New York Architecture Images-New York Architects

Heins & Lafarge

  New York works;
007 Bronx Zoo 007 Enoch Grand Lodge 021 Judson Memorial Church 002 Cathedral Church of St. John the Divine 009 BOWLING GREEN IRT CONTROL HOUSE

A postcard of City Hall station from the period. "It may be said with exact truthfulness that the builders have spared no effort or expense . . . and that all parts of the road and equipment display dignified and consistent artistic effects of the highest order. These are noticeable . . . particularly in the passenger stations." -- the IRT Guide.



In this photograph taken shortly before it opened, City Hall Station is shown without a finished platform, and the trackbed is being constructed. Leaded glass skylights designed by the Guastavino Construction Company let the natural light in from the plaza above.




Six playful structures designed for the Bronx Zoo by Heins & Lafarge were the Aquatic Bird House (1899), the Reptile House (1900), the Primate House (1902), the Lion House (1903), the Large Bird House (1905) above, and the Elephant House (1908) below.

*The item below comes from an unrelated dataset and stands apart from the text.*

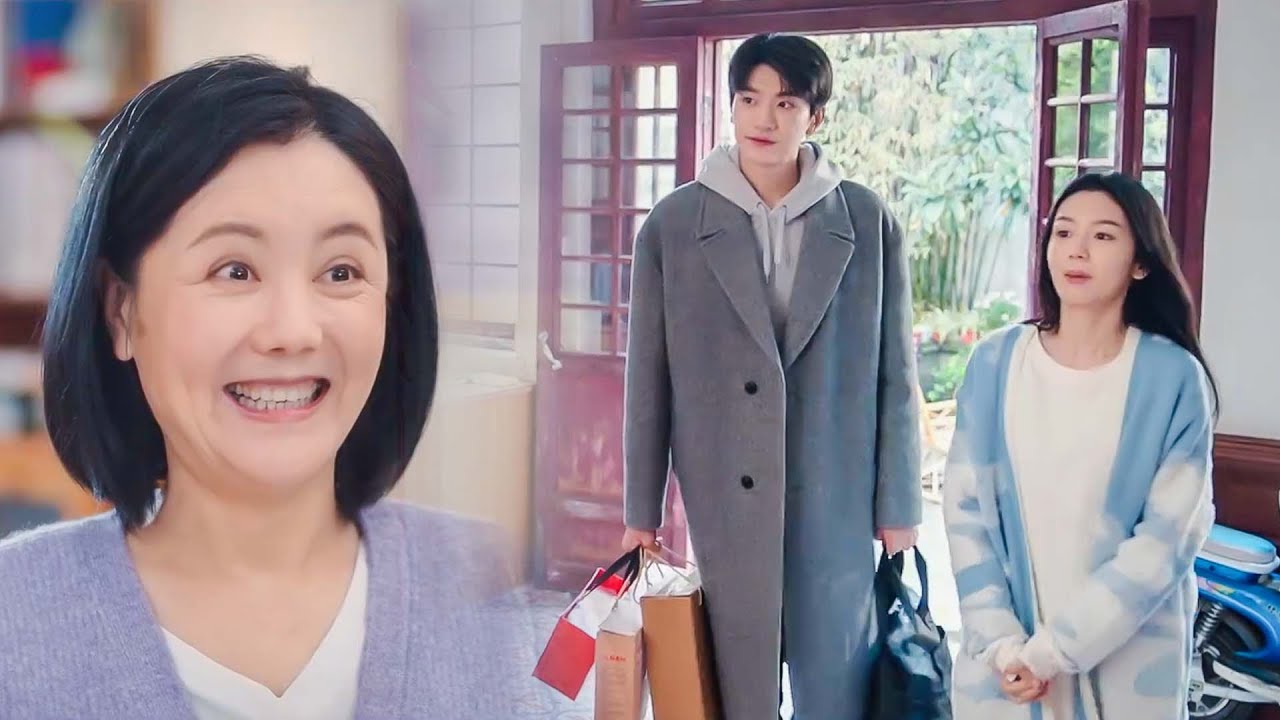 【MOVIE】浪漫大結局！霸總第一次拜訪灰姑娘媽媽，誰料灰姑娘媽媽竟興奮不已，當場決定讓兩人結婚！😳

The Guastavino polychromed tile arches and vaults of the Elephant House of the Bronx Zoo are structural as well as decorative. They feature ornamental figures of elephants, hippopotamus and rhinoceros. Heins & Lafarge used their experience from the zoo to the subway stations and they brought the Guastavinos along with them.




Heins & Lafarge's rendering of the Cathedral of St. John the Divine appeared in Architectural Record in 1892. It was the magazine's first year of publication as well as the year that construction began on the building. Today, the cathedral is still only about two-thirds complete. If finished, it would be the largest Gothic structure and the third largest church in the world, after St. Peter's in Rome and Our Lady of Peace in Yamoussoukro (in Ivory Coast).

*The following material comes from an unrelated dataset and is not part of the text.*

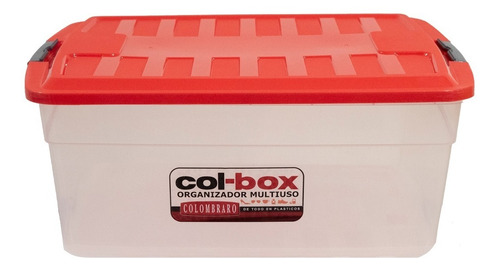 Caja Plástica Apilable Col Box Recto 17 Lts - Colombraro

Heins and Lafarge designed the control house at Bowling Green at the top of Battery Park. The third extant control house, now closed, is at Atlantic and Flatbush Avenues near the Long Island Rail Road Terminal.

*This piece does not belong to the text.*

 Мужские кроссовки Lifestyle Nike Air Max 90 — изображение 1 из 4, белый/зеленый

he architects Heins & Lafarge formed their partnership in 1886. They had met as students at M.I.T. and later trained in H. H. Richardson's Boston Office. George Lewis Heins was born in Philadelphia. Christopher Grant Lafarge, the eldest son of the artist John Lafarge, was born in Newport, Rhode Island. He grew up steeped in the world of his father's studio. Heins was the builder and administrator for the firm while Lafarge was the principle designer.

In 1899, Heins was appointed New York State architect by Governor Theodore Roosevelt and he designed state buildings until his death in 1907. Lafarge, a fellow of the AIA, served, at intervals, on advisory committees for the schools of architecture at Columbia University, M.I.T. and Princeton University, and also as trustee and secretary for the American Academy in Rome.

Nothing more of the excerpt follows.